**WHAT TO PRODUCE**
Repeat the records below exactly from the line containing "Home Cooking: Stir-fried" to the line containing "FLASH BOX（ベース車両：N BOX カスタム）", taking in both of those lines. Drop the pictures.

**SUPPLIED RECORDS**
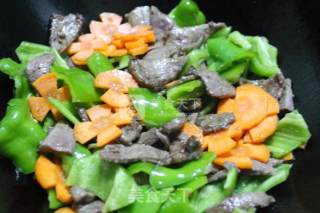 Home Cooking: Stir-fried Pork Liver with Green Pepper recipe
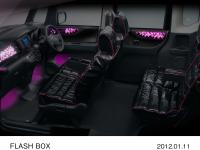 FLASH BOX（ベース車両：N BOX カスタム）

--

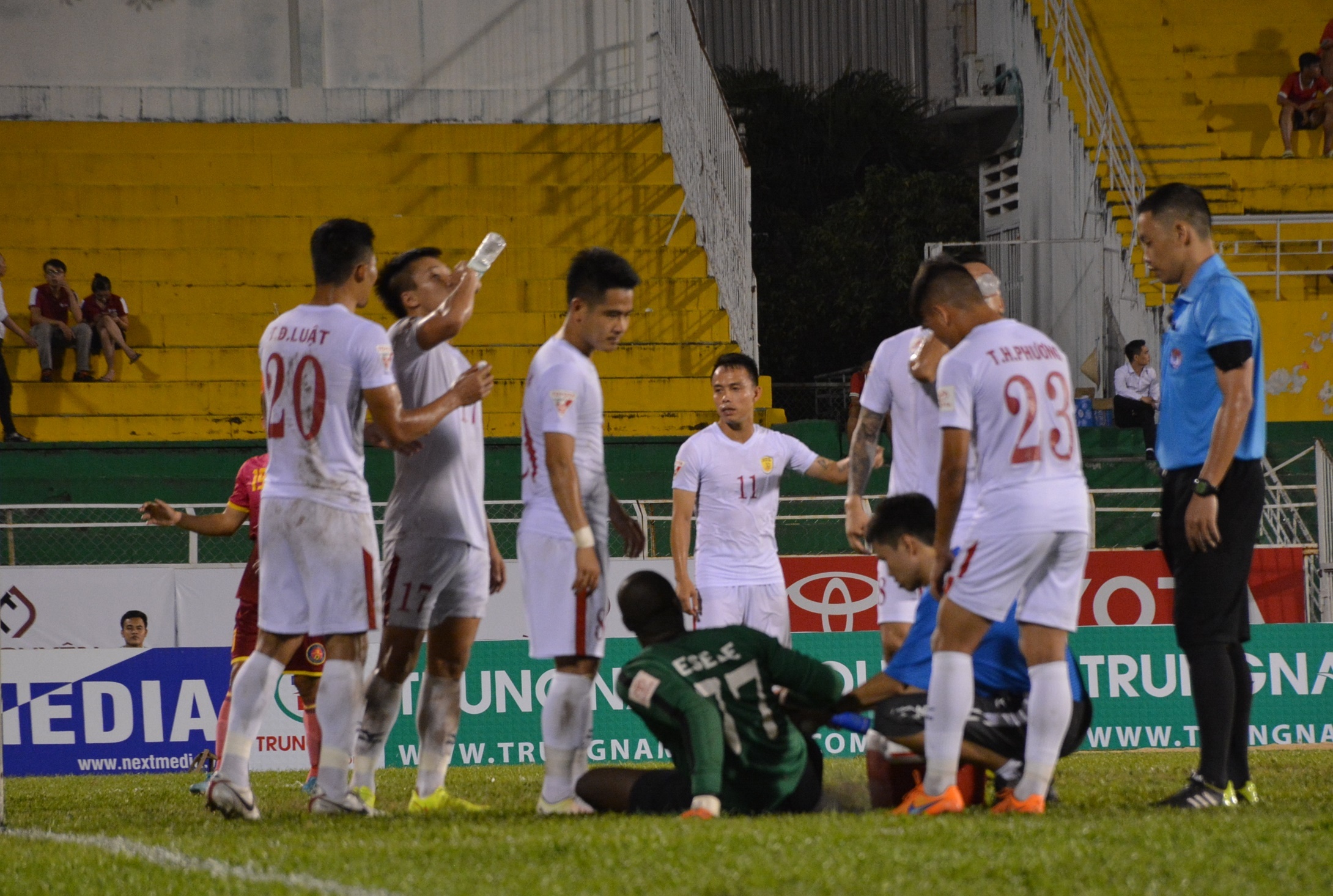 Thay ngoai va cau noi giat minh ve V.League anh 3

---

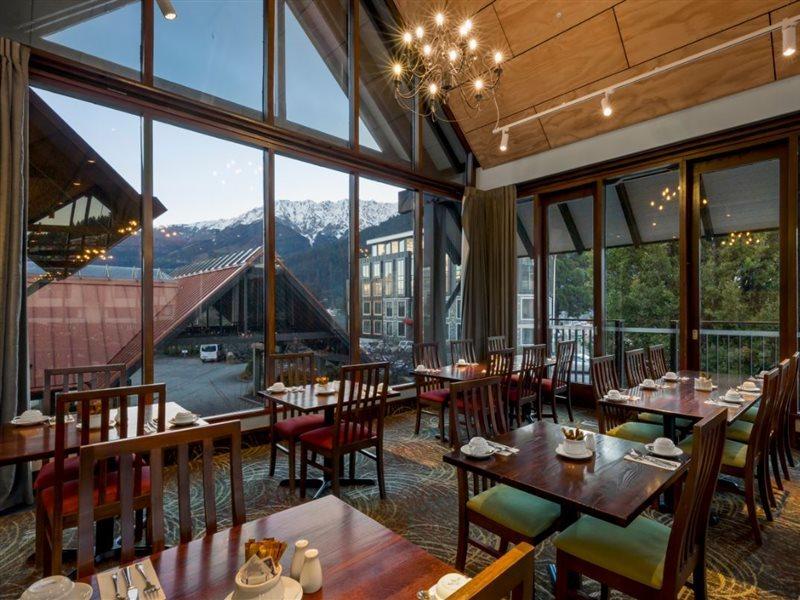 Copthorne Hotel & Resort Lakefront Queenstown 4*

**ANSWER FOR THE TASK**
 Home Cooking: Stir-fried Pork Liver with Green Pepper recipe
 FLASH BOX（ベース車両：N BOX カスタム）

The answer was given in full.